Recently, I checked some Defcon presentations and stumbled upon this beauty. It’s a presentation about cracking Google’s voice captcha by the guys of the Defcon Group 949.
Firstly, you can get more information, the code, corpus, etc. on their project page.
The video isn’t directly from one of the Defcons but from LayerOne.
Let’s start with the summary:
- words were distinguishable because of differing frequencies to the background noise
- they collected about 50k samples and labeled them by hand
- Google used only 58 words
- Two primary methods for used:
- pHash: provides similar hashes for similar “media” files
- Neural networks with lots of input nodes
- Different NNs and pHash was combined and the best performing ensemble was about 12 methods long
- Audio captchas were phoenetic based instead of spelling based captcha (e.g. blu and blue are the same)

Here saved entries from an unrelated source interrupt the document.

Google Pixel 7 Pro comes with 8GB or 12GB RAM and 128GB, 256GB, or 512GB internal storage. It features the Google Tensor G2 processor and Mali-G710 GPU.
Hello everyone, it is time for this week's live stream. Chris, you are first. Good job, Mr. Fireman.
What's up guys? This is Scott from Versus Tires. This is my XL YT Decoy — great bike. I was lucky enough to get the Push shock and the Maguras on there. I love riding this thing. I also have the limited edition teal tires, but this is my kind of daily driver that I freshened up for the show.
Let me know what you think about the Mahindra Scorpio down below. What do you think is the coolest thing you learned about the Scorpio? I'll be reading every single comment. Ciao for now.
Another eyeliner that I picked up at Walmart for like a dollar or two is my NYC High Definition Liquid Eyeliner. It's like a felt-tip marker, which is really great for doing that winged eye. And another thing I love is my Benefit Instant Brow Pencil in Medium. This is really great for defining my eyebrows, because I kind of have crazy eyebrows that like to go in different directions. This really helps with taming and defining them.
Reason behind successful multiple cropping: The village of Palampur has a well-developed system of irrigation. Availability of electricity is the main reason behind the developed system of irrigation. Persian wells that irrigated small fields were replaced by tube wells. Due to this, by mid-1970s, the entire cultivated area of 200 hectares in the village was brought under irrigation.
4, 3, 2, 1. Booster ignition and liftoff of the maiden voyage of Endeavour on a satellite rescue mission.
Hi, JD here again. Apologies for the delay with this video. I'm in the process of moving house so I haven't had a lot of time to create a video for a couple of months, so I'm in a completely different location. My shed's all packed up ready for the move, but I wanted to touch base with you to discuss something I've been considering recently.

- This allowed for mashing:
- Four and Fork => Fourk matches both
- Seven and Oven => Soven
- Then they wrote an automatic merge finder which found dozens of mashings
- the finder took two random words, calculated the Levenshtein distance and created a new string => small distance between parent strings
- Aftewards, they used contextual merging based on probability on top words from NN
- Solving one captcha takes about 2sec. They biggest bottleneck was internet speed
- As human 8 sec audio alone
There were two systems. An old one, which could be activated if JS was disabled, which included 2 voices and 10 digits and the new one with one voice and 58 words. There was some research done on the old system by Stanford and CMU. Stanford achieved about 1.3% accuracy, CMU about 58%. These guys achieved, on the newer system, 99.1% accuracy. Just amazing! However, Google changed the system a few hours before their presentation and their accuracy dropped down to 0%.

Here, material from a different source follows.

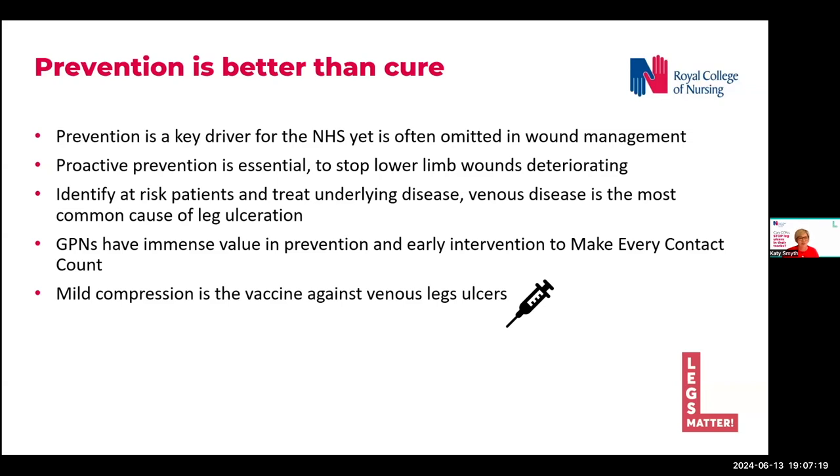I like this last point on the slide — I like analogies to practice nursing. I think of compression as being the vaccine against venous leg ulcers. I think that's a good way to remember it.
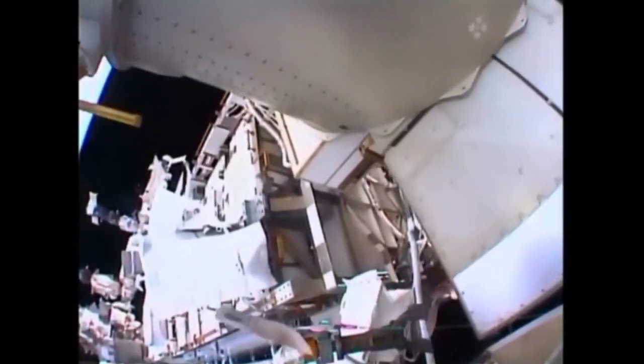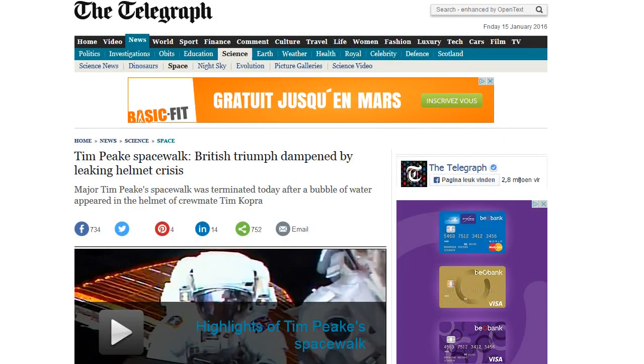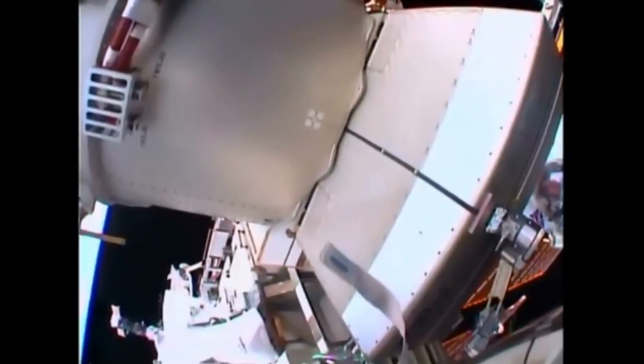First let me show you the problem. Tim Peake Spacewalk — 'British Triumph dampened by Leaking Helmet Crisis.' Major Tim Peake's spacewalk was terminated today after a bubble of water appeared in the helmet of crewmate Tim Kopra. Again? Come on man, I was thinking NASA had this problem fixed. Outside the spacesuits they are having problems with air bubbles, and inside the spacesuit they are having problems with water bubbles.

There were about 20 – 25 million audio aptchas, i.e. if you solve enough you get duplicates. They created a lookup table which provided 61% accuracy in about 0.005 seconds.

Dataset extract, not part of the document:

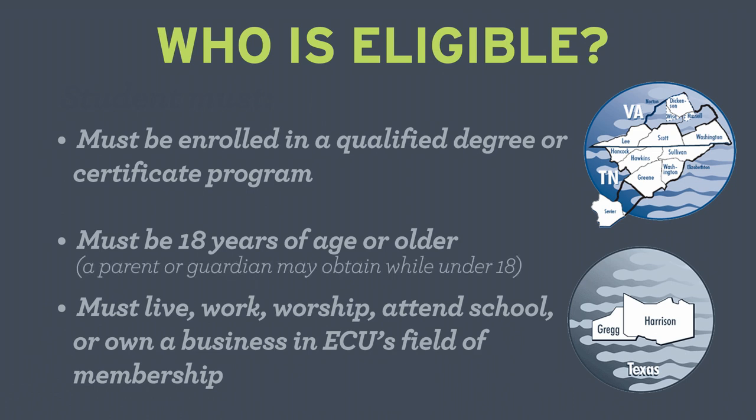If a student has not reached 18 years of age, a parent or guardian may obtain the student line of credit until the student reaches 18. Are you ready to apply? If so, here's some helpful information to get you started.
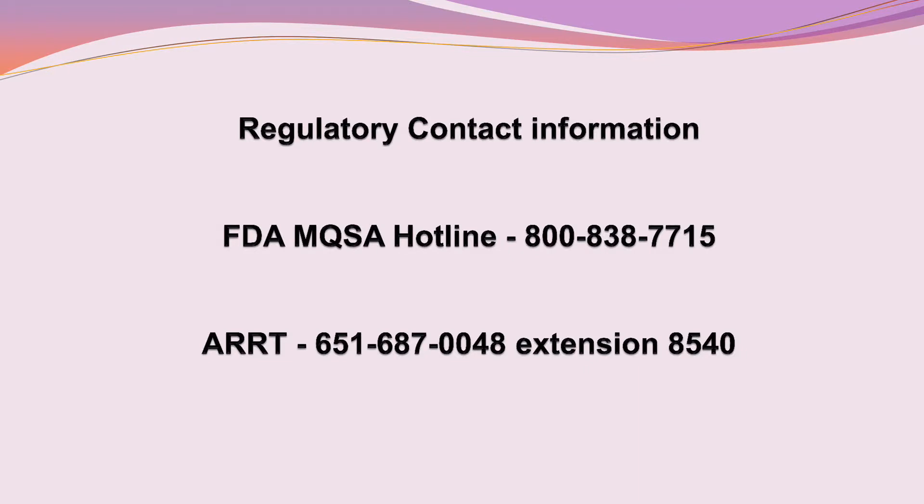Entering the field of mammography may seem complicated and overwhelming at first, but as you progress through the requirements, you will realize that it is attainable and definitely worth your efforts. I hope you will find the field of mammography as rewarding as I have found it to be, working exclusively with women and saving lives one mammogram at a time. If you need additional information about our program, please email us at admin@radcom.net. If you have questions regarding the FDA's MQSA regulations, you may contact them at 1-800-838-7715. For information regarding ARRT certification requirements, contact them at 651-687-0048 extension 8540. I wish you the very best and thank you again for turning to Radcom for all your mammography education needs.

The countermeasure by Google consisted of the following:
- Same frequencies for words and background noise => makes it harder to split words
- 10 instead of 5 words per captcha
- 25 seconds in stead of 8 seconds in length
- added new words
- background noise consists now of actual English words instead of reverse radio broadcast
The big problem of this countermeasure is that humans got about 30% success rate. Reminds me of Rapidshare’s infamous cat captchas.
Great talk, extremely interesting. Especially, interesting is that they show again that it doesn’t really matter if you use NNs, SVMs or RBM for prediction but that the work before that, i.e. classification by hand, feature extraction and learning about the system (mashing), and after that, i.e. creating ensembles is much more important than using the latest method.